Él vive aquí ahora, es un invitado del
rector de la Universidad. Se ha convertido en su Benefactor personal y, en
general, todos le sonríen y son amables
con él. Mejor, sin duda, que las pastillas y las batas blancas de su anterior
residencia. “Estas triste”, le decían, “depresión” escribían en sus informes.
Pero él no estaba triste. Es mas, la vida le seguía
pareciendo algo maravilloso. El rocío en la hierba las mañanas de invierno, las
mañanas luminosas de primavera, las tardes de agosto, los atardeceres de otoño.
Esas cosas. Solo era que desde que ella se fue arrastrada al otro lado por
varias toneladas de acero de un monovolumen azul todo parecía mas aburrido.
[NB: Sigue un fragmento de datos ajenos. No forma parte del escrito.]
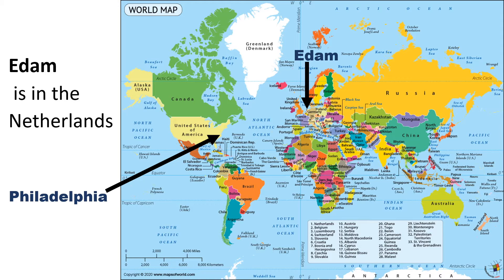Could you drive it in your car? No, the Atlantic Ocean is in the way. How else could it get here? It would need to come on a boat or an airplane. Most food that comes over the water travels on a boat — it costs too much money to put it on an airplane.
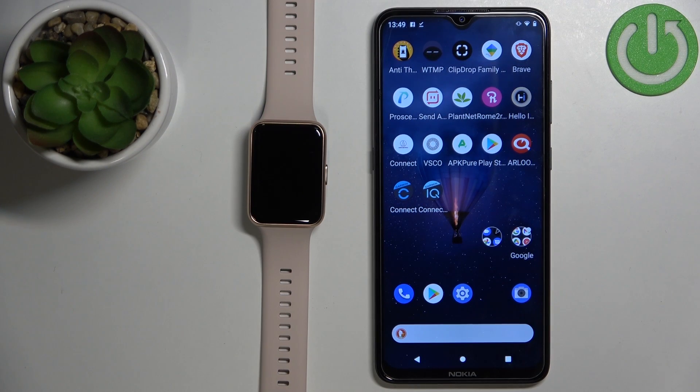Welcome! In front of me I have the Huawei Watch Fit 2 and I'm going to show you how to pair this watch with an Android phone.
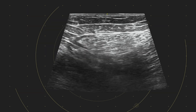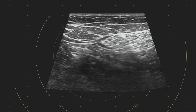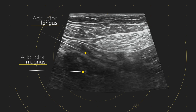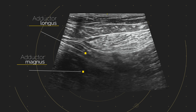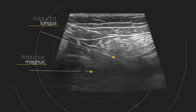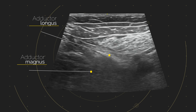We placed a probe on — we've got the luxury of virtual convex — and we're discussing finding the right location in terms of where we are on the leg. We're looking for the adductor longus muscle. We've got adductor longus here, adductor magnus there, and we're scanning up and down to see the relationship between sartorius and longus.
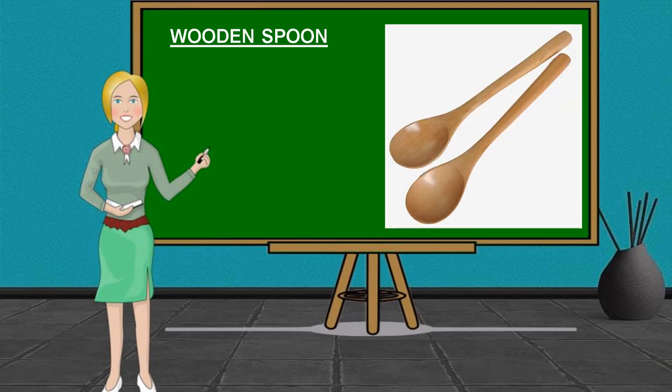Another cooking tool in preparing appetizers is the Wooden Spoon. It is used for mixing and stirring during cooking and baking.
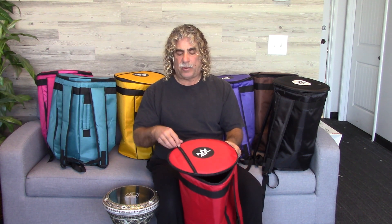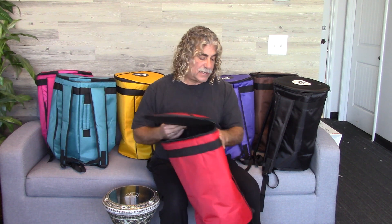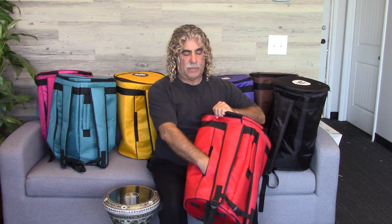A couple of nice features: it has a zipper on the top — a great place to store your extra head. It also has a zipper on the side where you can store your tuning key or any accessories that you might need.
Había escrito y auto publicado un par de
cuentos antes de que las ruedas de aquél coche azul rechinaran en un cruce
intentando detenerse que habían leído unas cientos de personas. Las
suficientes, se ve, para que en las editoriales empezara a sonar su nombre. Una
de ellas le puso un agente, le asignó un editor y la maquina tragaperras del
éxito empezó a mostrar triunfos, bien que perezosamente. Bien estaba. Pero
desde que su pequeña musa de pies descalzos, sonrisa infinita y cansados ojos
marchara solo existía tedio en su cabeza, aquello a lo que llaman pomposamente
creatividad se había esfumado. Y después pastillas, batas blancas, psicoanálisis
etc.
El que era ahora su benefactor era un
admirador – desde el mas profundo cariño por el Arte, así, en general, se
entiende- de su obra y decidió separarlo de su régimen de grageas blancas,
amarillas y azules que le embotaban la cabeza y le hacían orinarse encima para
llevarlo con él a su Universidad, que había erigido con el sudor de su frente,
el esfuerzo de sus solas manos y bla bla bla.
Así que allí esta él, respirando el sano aire
del campo y asistiendo a clases de escritura creativa y de literatura del siglo
XIX y XX junto a alumnos unos años por debajo de los suyos. Y a gastos pagados,
añádase.
Daba largos paseos por el campus, socializaba
con la gente, bebía acompañado, a veces mujeres de largas piernas y pechos mínimos
acompañaban sus noches. Ya no estaba triste. Aún así, en ocasiones se descubría
cogiendo su móvil dispuesto a llamar a su desaparecida musa para contarle sus
alegres días universitarios. Sonará idiota, pero la voz metálica que le
contestaba informándole que “el número marcado no existe, esta desconectado o
fuera de cobertura” le ayudó a cerrar el duelo.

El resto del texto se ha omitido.